La tenue portée par les athlètes de la délégation helvétique lors de la cérémonie d'ouverture des Jeux olympiques de Paris 2024, lors des remises de médailles (il y en a eu sept jusqu'à présent), et bientôt lors de la cérémonie de clôture, n'est en revanche pas commercialisée. Ces pièces sont réservées aux athlètes.
Quand on sait que la cérémonie d'ouverture sur la Seine a été vue par plus de deux milliards de personnes, on comprend volontiers que la marque helvétique On - présente dans 60 pays, notamment aux Etats-Unis, en Allemagne, au Japon, en Chine, au Vietnam, en Australie et au Brésil - ait investi beaucoup d'énergie dans la confection de ces tenues exclusives.
Les 930 kilos de déchets plastiques récupérés ont été réduits en flocons en Thurgovie puis transformés au Tessin. Du fil et des tissus ont ensuite été fabriqués en Suisse orientale et quelques mille vestes ont été produites au Portugal.
Sur le papier, ce procédé semble durable. Mais l'est-il réellement? Kai Nebel, ingénieur textile et directeur du pôle de recherche sur la durabilité et le recyclage à l'université de Reutlingen, se montre dubitatif. Certes, le recyclage est meilleur que la production de matière, mais le plastique doit être nettoyé chimiquement et transporté. Cela consomme de l'énergie et provoque des émissions de CO2.
Pour Nebel, le plus gros problème se trouve néanmoins ailleurs: «Si l'on fabrique des vêtements à base de bouteilles en plastique, on les retire d'un cycle qui fonctionne».
Les textiles en partie fabriqués à partir de PET (réd: polytéréphtalate d'éthylène, que l'on retrouve dans les bouteilles) ne sont pas recyclables.
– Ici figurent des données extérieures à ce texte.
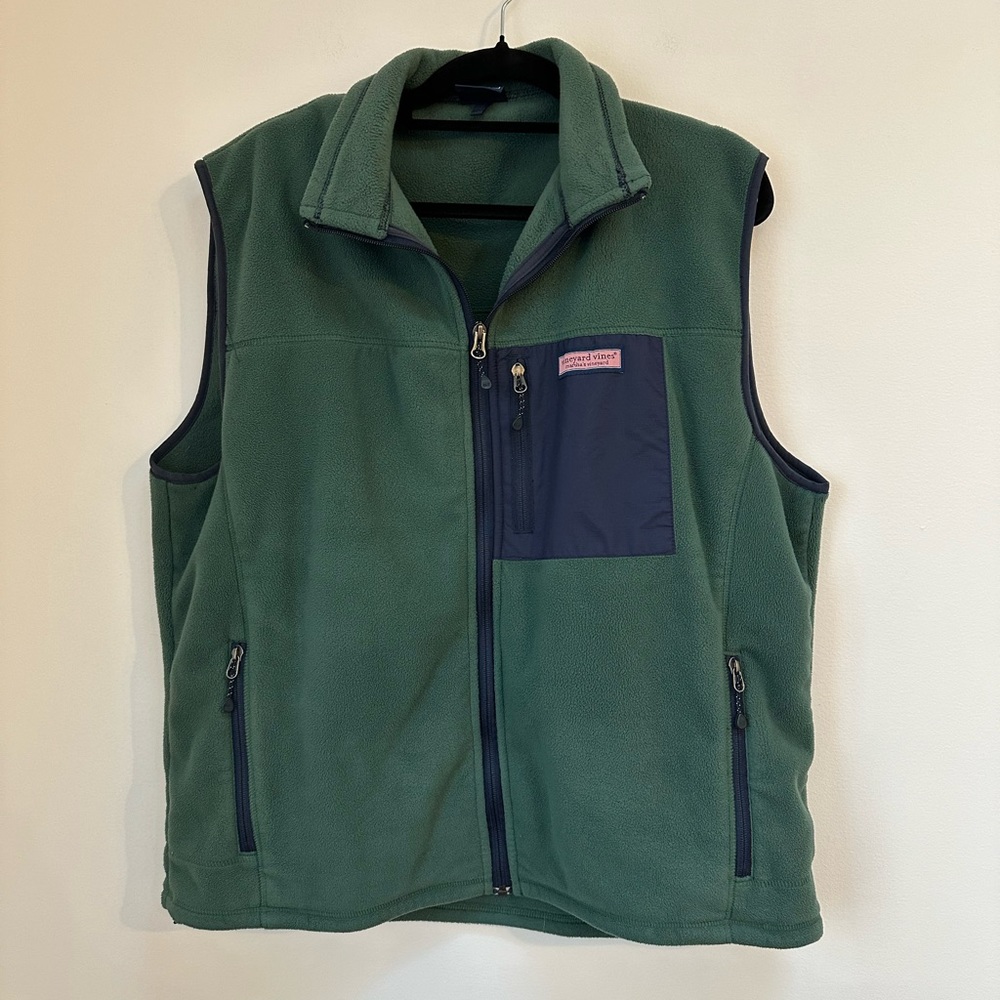 Vineyard vines vest size large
Pour y arriver, il faudrait séparer les différentes matières les unes des autres. «Les coûts seraient disproportionnés», explique Kai Nebel.
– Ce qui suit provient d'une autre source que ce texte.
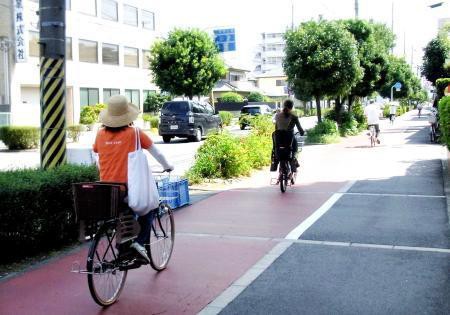 西宮市の 緩衝帯 構造分離自転車道 サイクルプラス あしたのプラットホーム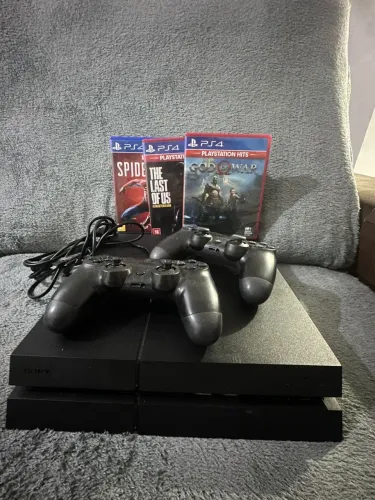 PS4 slim com 2 controles 
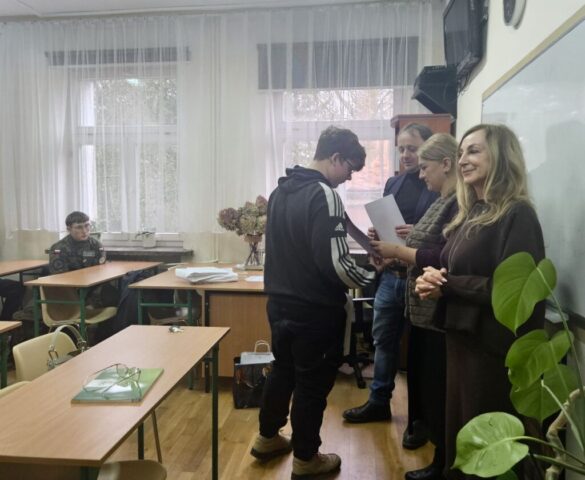 konkurs_zolnierze_wykleci5 Organizatorzy i uczestnicy konkursu historycznego w klasie. Uczeń odbiera dyplom.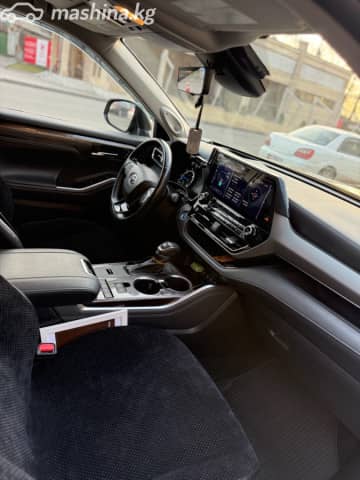 Toyota Highlander IV (U70) 2.5hyb AT 4WD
Qui plus est, ils ne seraient pas sans risque pour la santé. Les fibres synthétiques libèrent des microplastiques. Ceux-ci se retrouvent dans les eaux usées après les lavages, puis à moyen terme dans l'eau potable. Les conséquences exactes ne sont pas encore très claires. Il est néanmoins préférable de porter des vêtements qui ne contiennent pas de fibres synthétiques.
Aux yeux de Nebel, les marques qui vantent et communiquent sur leurs vêtements recyclés ne font que du greenwashing. Il s'agit uniquement de stimuler les ventes, ce qui ne fait qu'augmenter les montagnes de déchets. Car aujourd'hui déjà, des effets sont produits sans trouver preneur.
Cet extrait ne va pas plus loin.